Posted on April 17, 2013, James Murff How F2P ‘Founder’s Packs’ Offer Great Deals at Great Risk
Founder’s packs for Mechwarrior Online
Kickstarter-inspired founder’s packages are here to stay.
While Kickstarter itself has had varying degrees of success, founder’s packs have been universally profitable. Free-to-play games have realized the benefit of frontloading part of their income, and in the process have been raking in oodles and oodles of money. But what about a founder’s pack drives our urge to buy? Why are they so wildly successful? Why are they exploding across the free-to-play scene like an oil slick across the ocean surface?
A founder’s pack is a tiered, purchased reward akin to the reward tiers on Kickstarter. A player pays a chunk of money – usually in the $40-$100 range, although there are more expensive packs floating out there – to receive beta access (if the game isn’t in open beta), unique founder’s items, and a large chunk of in-game currency. Founders are usually identified in-game by badges of some sort, and the gear they receive is usually better than standard player gear in some aspect.

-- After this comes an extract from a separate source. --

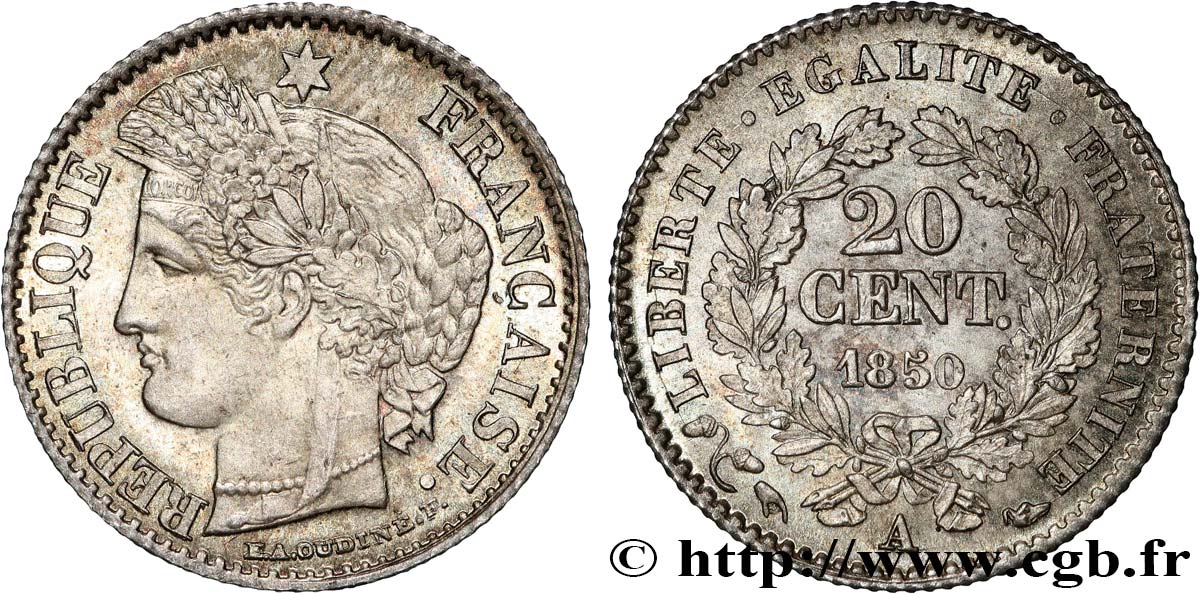 20 centimes Cérès, IIe République 1850 Paris F.146/3 FDC66 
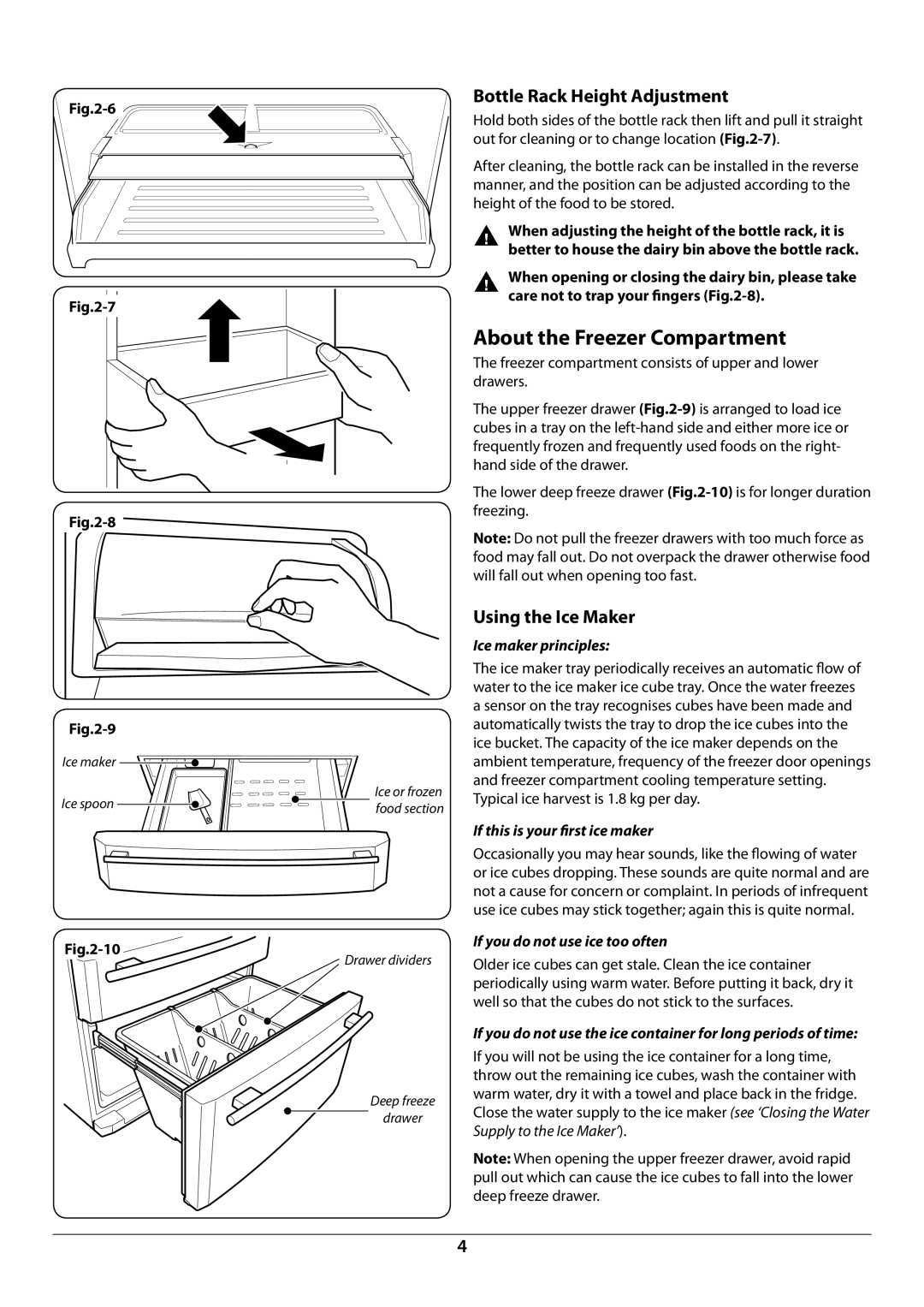 Rangemaster U109923 - 05 manual About the Freezer Compartment, Bottle Rack Height Adjustment, Using the Ice Maker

The explosion of founder’s packs can be traced back to Mechwarrior Online and the enormous success Piranha Games had with their founder’s program. Players were given three tiers to choose from: $30, $60, and $120. Every tier included premium time, an in-game badge, and microtransaction currency, but only the higher tiers included founder’s mechs. These special robots earn more in-game currency per match, giving the founders a nice edge for progression on those who didn’t shell out.
This model worked out so well for MWO that the developers held the founder’s sale open for much longer than they originally said they would. While MWO has since moved on from founder’s gear, other free-to-play MMOs – Firefall, Warframe, and Dirty Bomb, just to name a few – have taken to the unique selling model. We are in an age where founder’s packs are becoming the norm thanks to their unbounded success. But why do they succeed?